When I cut it open, I found this beautiful crumb with just the right amount of bubbles in the dough for lightness. It is a more dense bread than store bought to be sure, but it is also velvety and moist. The texture is soft yet firm enough that it does not collapse into a compressed mess. What did I put on this too too decedent bread? Why peanut butter and homemade jelly of course! I know, it seems so unclassy for this royal sandwich bread, but it was what I was craving. Now to just find myself a perfect bread box, so my bread can last a bit longer. Currently it is wrapped up in waxed paper in an attempt to keep it decent for the next few days. I had it for toast this morning, and while the interior is still wonderful, the crust is starting to lose a bit of its crunch.

After bread baking, I went on a quest to find more lemons as I had run out. I needed them to start the next project, apple pie filling. I processed more apples into the dehydrator and then I was off to the races getting the pie filling made. I have to recommend the v slicer or a mandolin if you are thinking of doing apple pie filling or dehydrating mass quantities of apple slices. It really does make fast work out of the slicing, and it also ensures that your slices are all the same perfect size.
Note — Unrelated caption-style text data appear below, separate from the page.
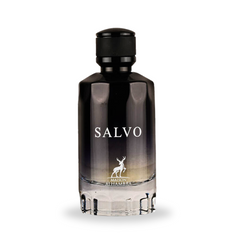 Salvo for Men EDP 100ML (3.4 OZ) by Maison Alhambra | Warm Woody Fragrance. - Intense Oud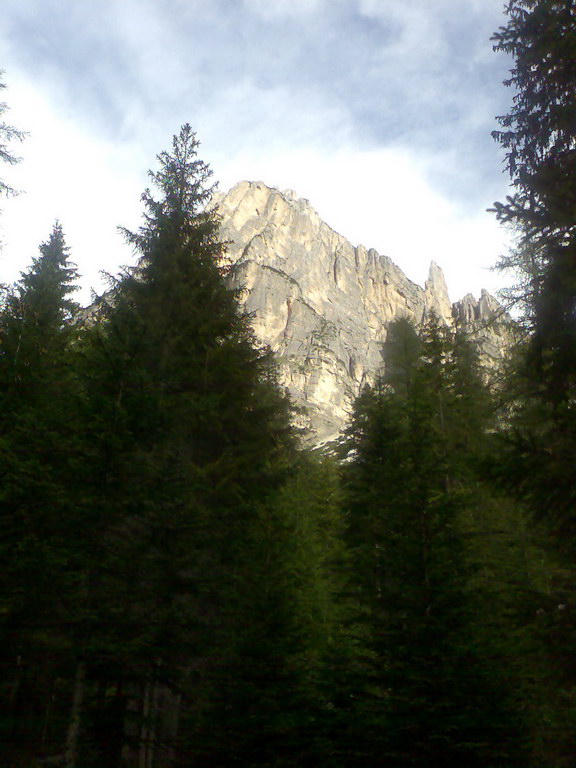 Ettore Bovero Col Rosa (Dolomity)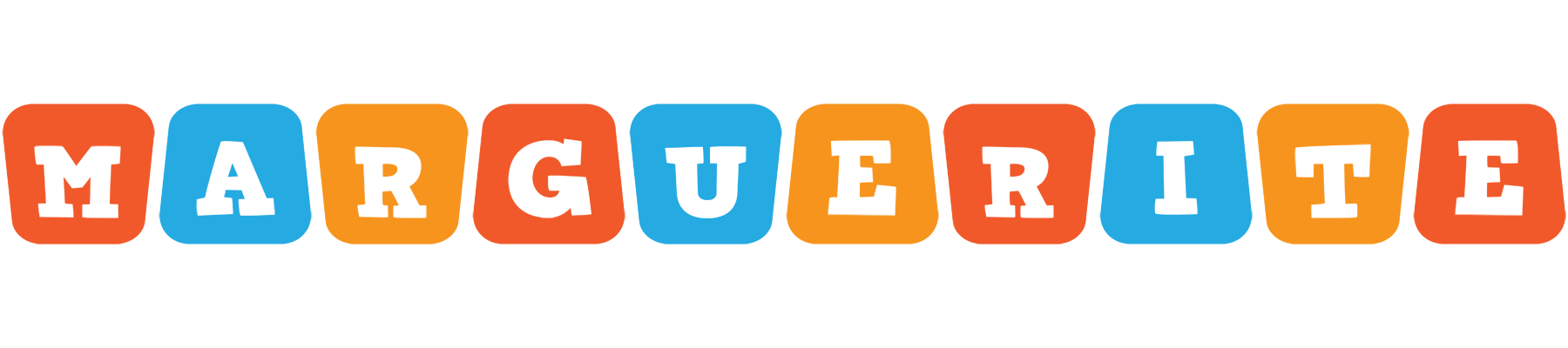 Marguerite comics logo
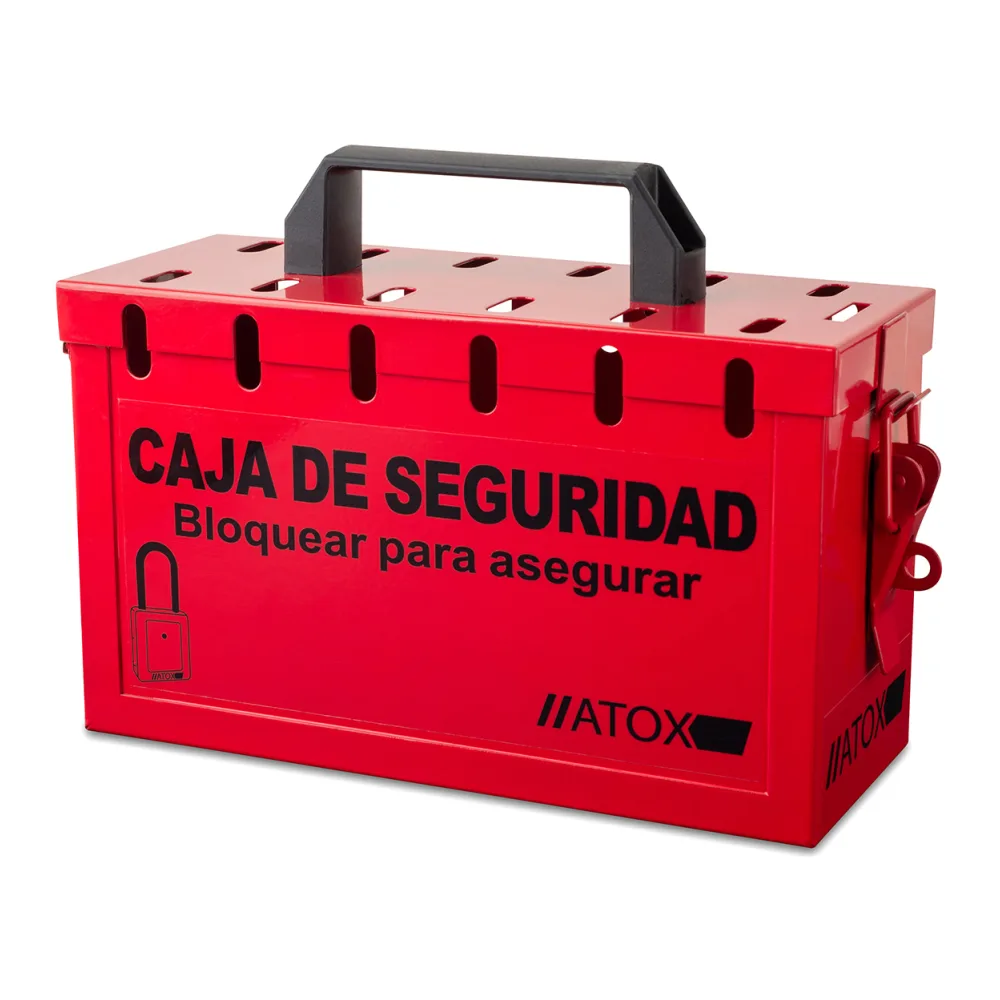 Caja de Bloqueo Grupal Atox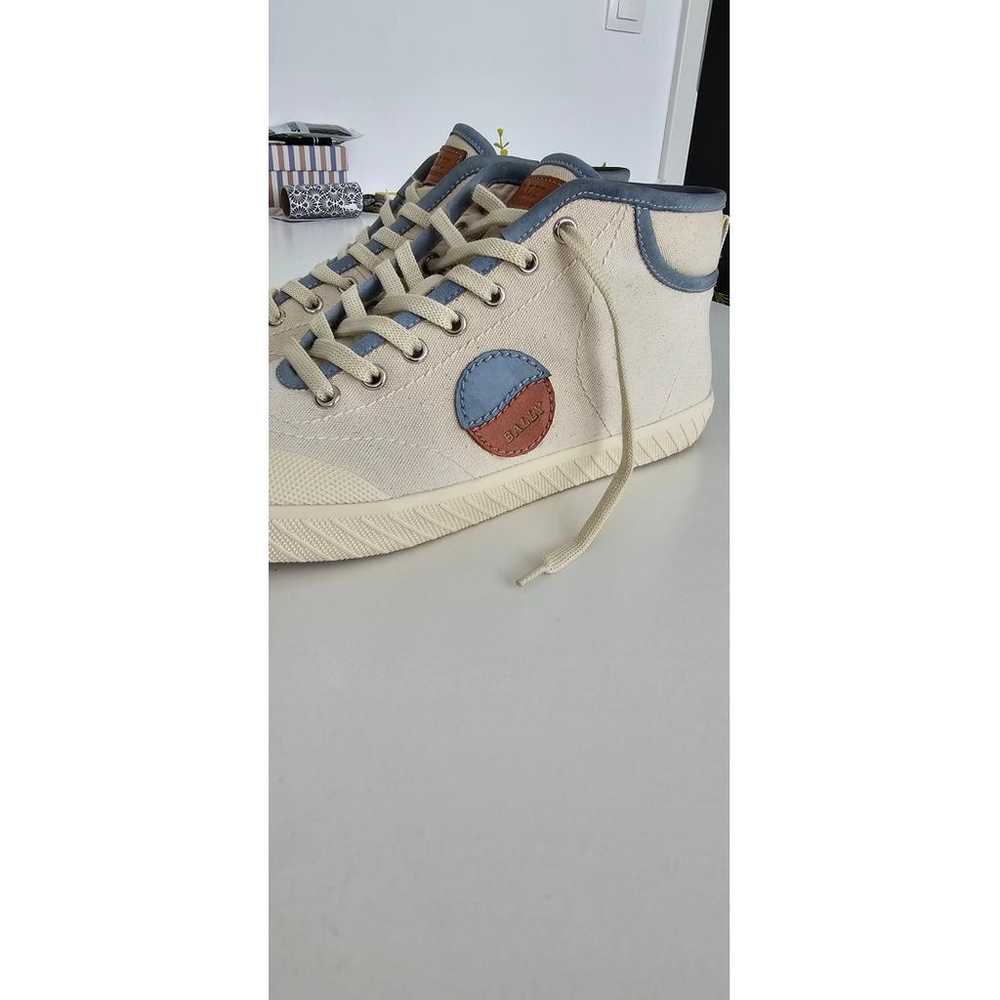 Bally Leather high trainers - image 6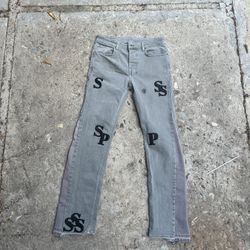 Sad Psycos Ksubi ‘cemetery’ Pants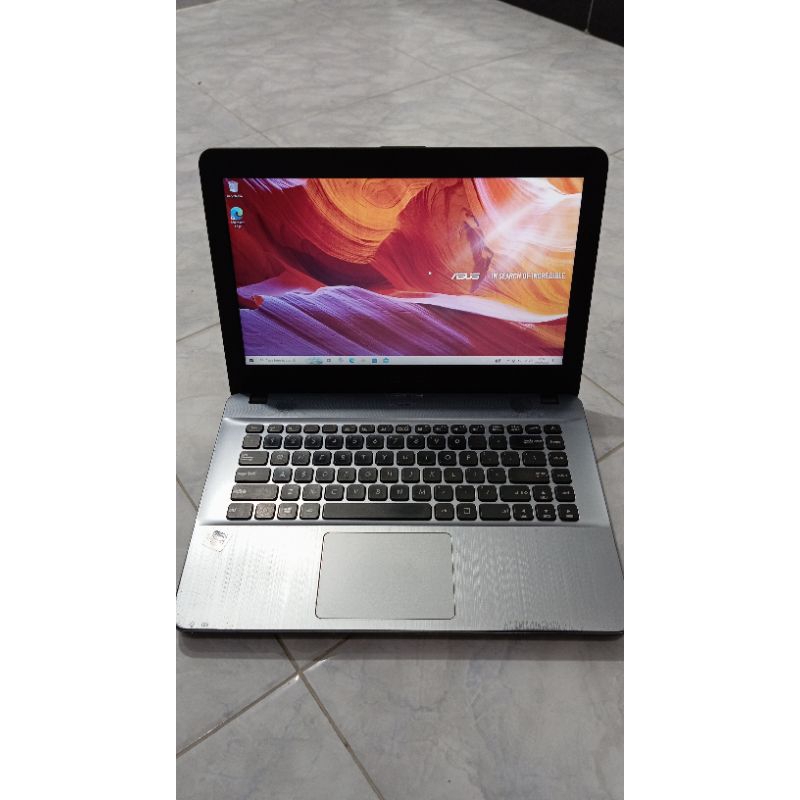 Laptop second/bekas ASUS X441NA -mohon baca deskripsi-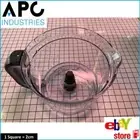 GENUINE BREVILLE KITCHEN WIZZ PROCESSOR BFP560 BFP580 BOWL #BFP580SIL/09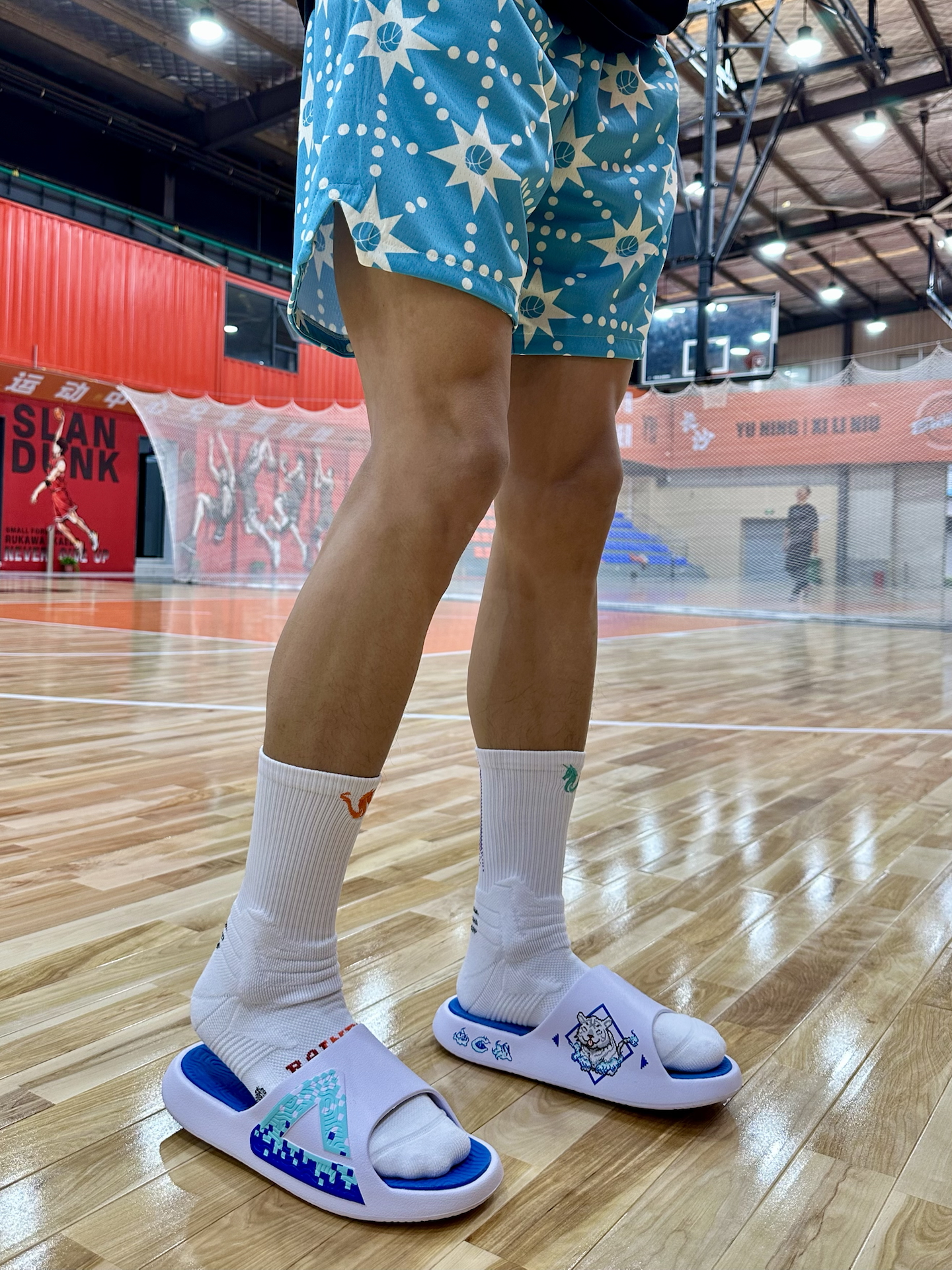 “像素 白虎”拖鞋也太可爱了吧‼️猛男专属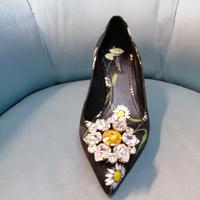 Tacchi D&G  fiori donna n 38,5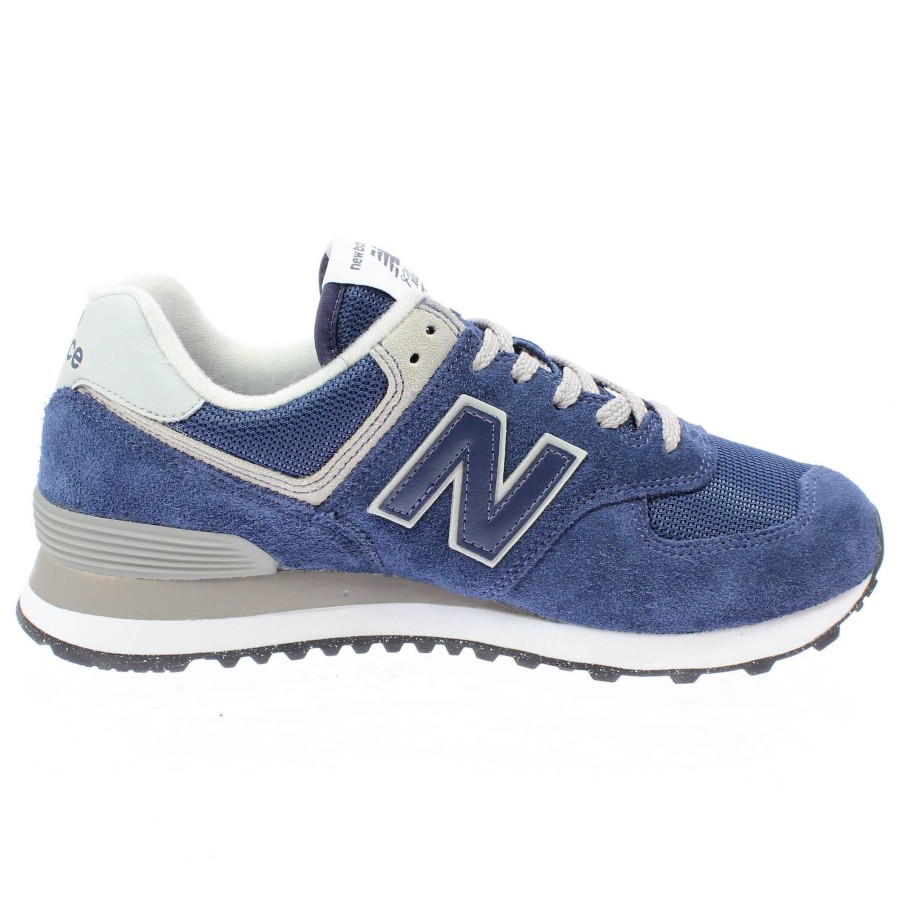 Uomo NEW BALANCE Sneakers | Ml 574 - Sneakers Basse In Suede Mesh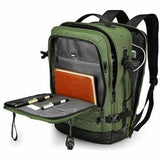 Lenovo BERG Carrying Case (Backpack) for 17" Notebook - Dark Green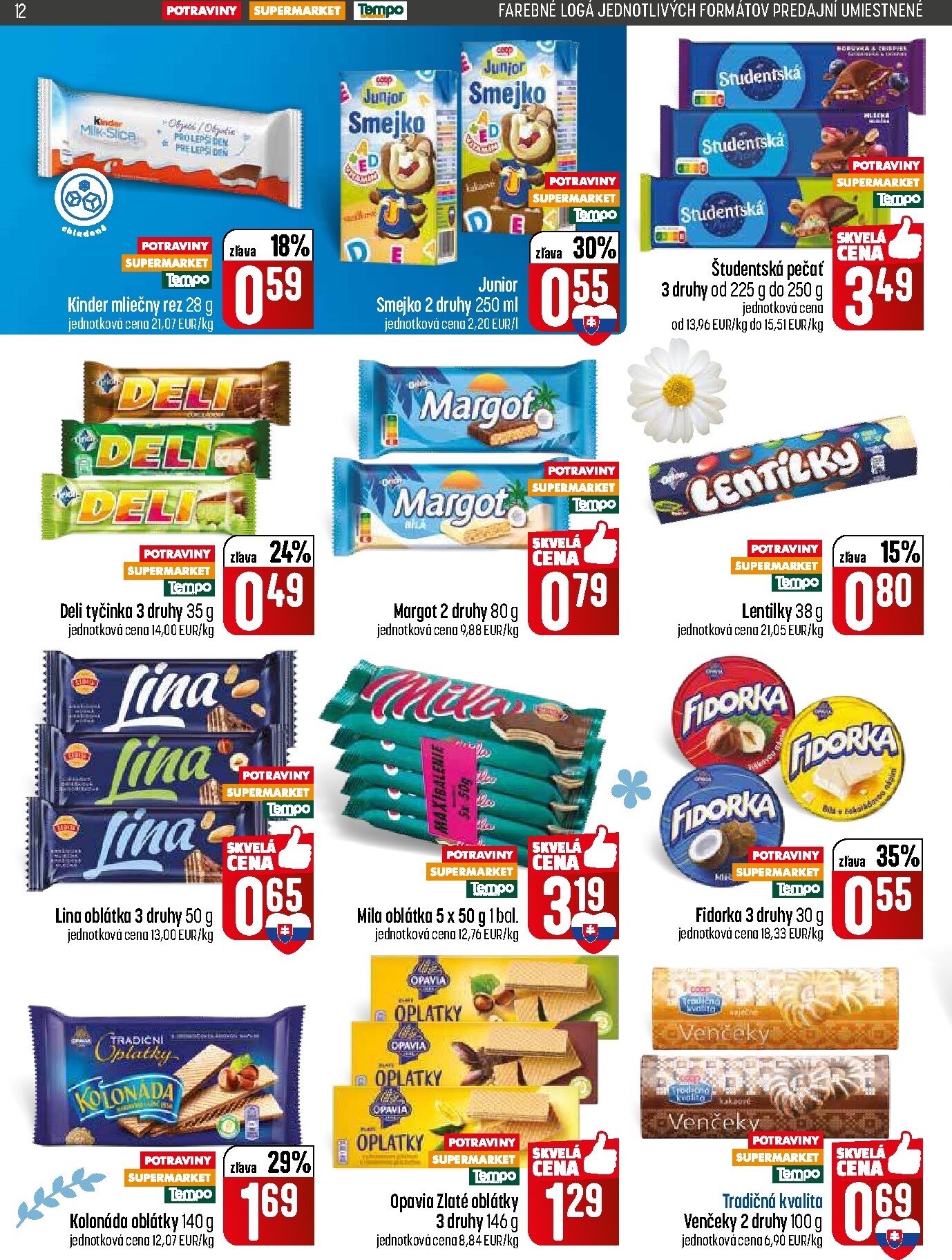 coop-jednota - Leták COOP Jednota platný od 12.03.2026 do 18.03.2026 - page: 12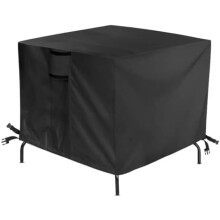 Ronde tafelhoes voor buiten, 26 inch diameter, waterdicht, Oxford-kwaliteit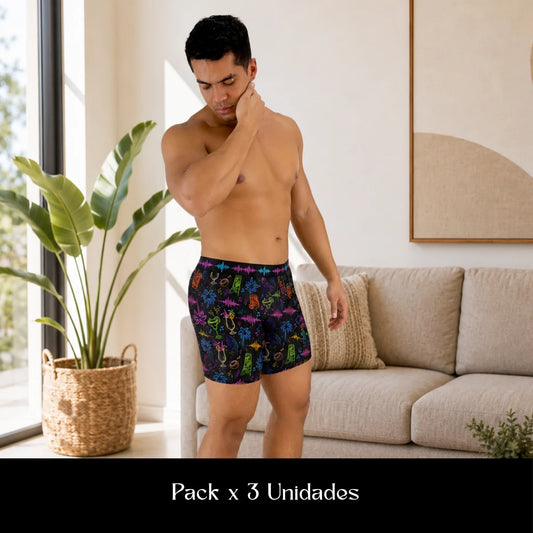 Pack x 3 Bóxers Ref.383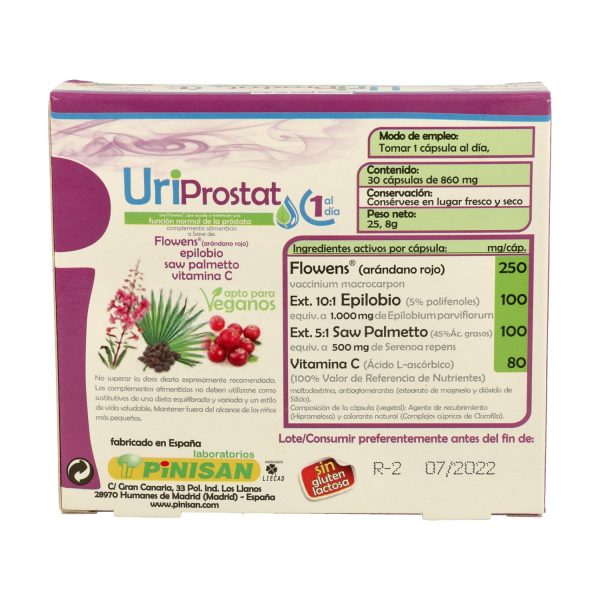 Uriprostat (30 Cáp)- Pinisan - Imagen 2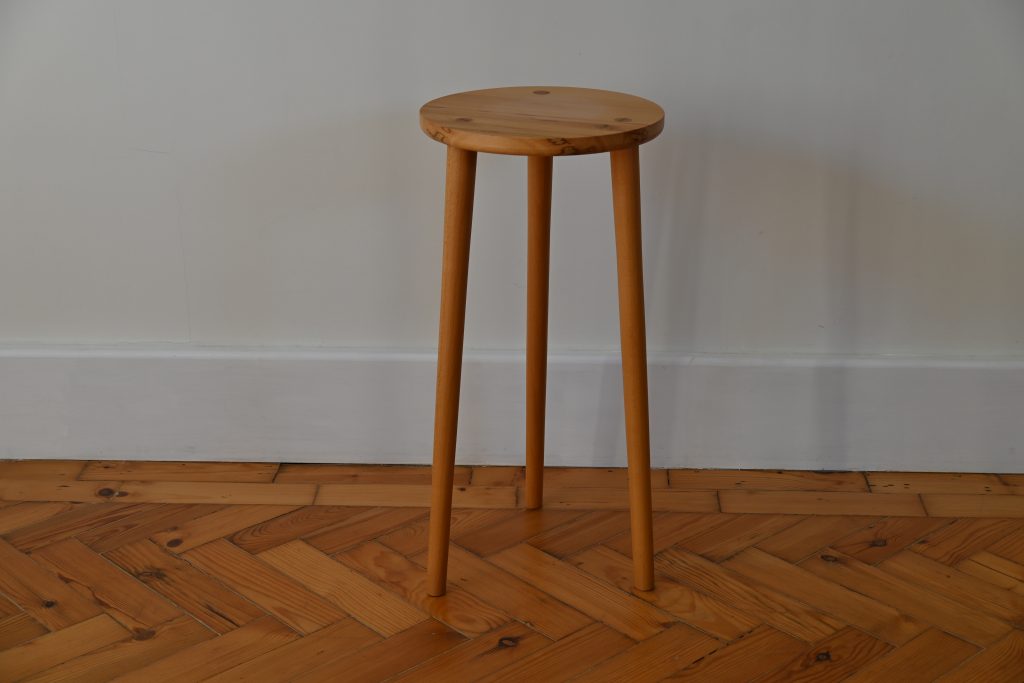 Oak side table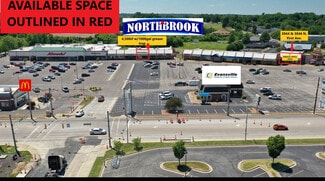 Plus de détails pour 3710-3748 N 1st Ave, Evansville, IN - Plusieurs types d'espaces à louer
Once the slices were treated against browning, they had to be blanched for a little bit to facilitate the canning process by bringing them to a hot temperature. Next the goopy filling that goes between the apple slices was made. I followed the recipe from The Ball Complete Book of Home Preserving, and I think this is another winner out of that book. The Clear Jel really makes it all work well. After the goop was made, in went the apple slices and a quick boil was reached. Then packing them into the jars and into the canner for processing.

I found that this recipe ran a bit short on its estimate of yield. I only got five full pints and a scant sixth when the recipe says it makes seven pints. Perhaps my half circle slices were too large to measure out the 12 cups as exactly as they did in the recipe. No matter as I am sure this will not be my only batch of apple pie filling this year. I am sure once we go apple and grape picking this fall that more will be made.

I can my pie filling into pints rather than quarts because a quart perfectly fills our mini pie pan. This pie was made last night out of the scant pint that was left over. It had just too much air space in the jar to reasonably store it, so I used it right away! Hey, no one is complaining here!

I had some requests for the apple jelly and apple butter recipes that I used for yesterday's blog posting. I will post them tomorrow in the blog. Check back to get those recipes then. Today is a really busy day as it is the first day back for me at 826 Valencia for after school tutoring. I still have some canning I am going to try to get done before I leave for that as well as getting my dance class clothing ready and the house straightened up a bit. I promise wholeheartedly to post those recipes tomorrow.